Global Voices sprak met Darkhan Sharipov, activist bij de jongerengroep Oyan, Qazaqstan! (Kazachs voor “Ontwaak Kazachstan!”, voortaan bekend als Oyan), die in 2019 werd geboren na het aftreden van de oude president Nursultan Nazarbayev. Bijna drie jaar lang na de oprichting organiseerde Oyan demonstraties, marsen voor burgerrechten (in weerwil van de beperkende bepalingen op het houden van een vreedzame vergadering) en artistieke protestoptredens.
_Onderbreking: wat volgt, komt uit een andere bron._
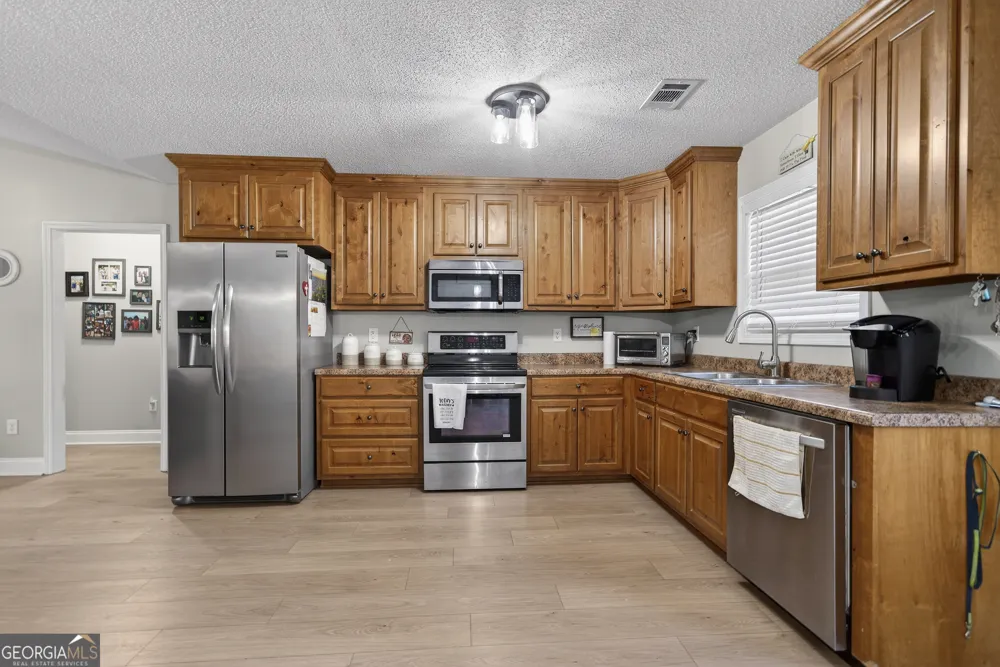 102 Forte DR NW Milledgeville, GA 31061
Na de protestbijeenkomsten in januari 2022, die door gewelddadige groeperingen werden verstoord, werden de Oyan-actvisten gezien als de aanstichters van de rellen. “Het is voor iedereen duidelijk dat Oyan Qazaqstan en de niet-geregistreerde Democratische Partij van [Zhanbolat] Mamai handlangers waren van de terroristen en plunderaars.” Dat verklaarde Marat Shibutov, een politiek analist die nauw betrokken is bij de regeringsleiding van het land, in zijn Telegram Channel.
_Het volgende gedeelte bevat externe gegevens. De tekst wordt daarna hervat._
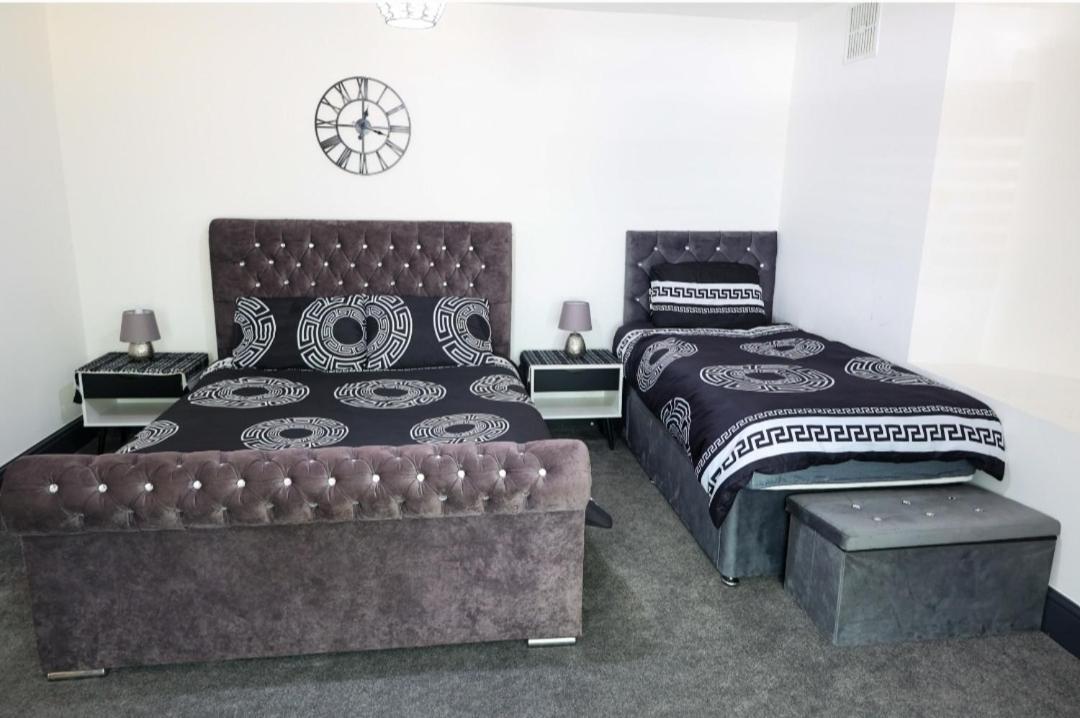 Moseley Sleeps 4 Jrz Apartment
De Oyan-activisten verwierpen de bewering als ongegrond en mogelijk ingegeven door Shibutov's politieke agenda, die tegen hen was gericht, vooral omdat Shibutov niet met ze de straat was opgegaan.
Tijdens zijn toespraak tot de natie op 7 januari beschuldigde president Kassym-Jomart Tokayev de burgeractivisten van het misbruiken van de vrijheden die ze hadden gekregen.
Sommige zogenaamde “verdedigers van de mensenrechten” en “activisten” stellen zich boven de wet en denken dat ze het recht hebben om zich overal te manifesteren en dat ze mogen zeggen wat ze willen.
Hoewel Tokayev geen namen noemde, was het duidelijk dat hij Oyan bedoelde.
Tijdens een telefonisch interview verklaarde Sharipov, een 32-jarige accountant uit Almaty, hoe ze zich tijdens vreedzame demonstraties verzamelden, werden geconfronteerd met hevig politieverzet en vanaf de zijlijn getuige waren van de verwoesting van Almaty.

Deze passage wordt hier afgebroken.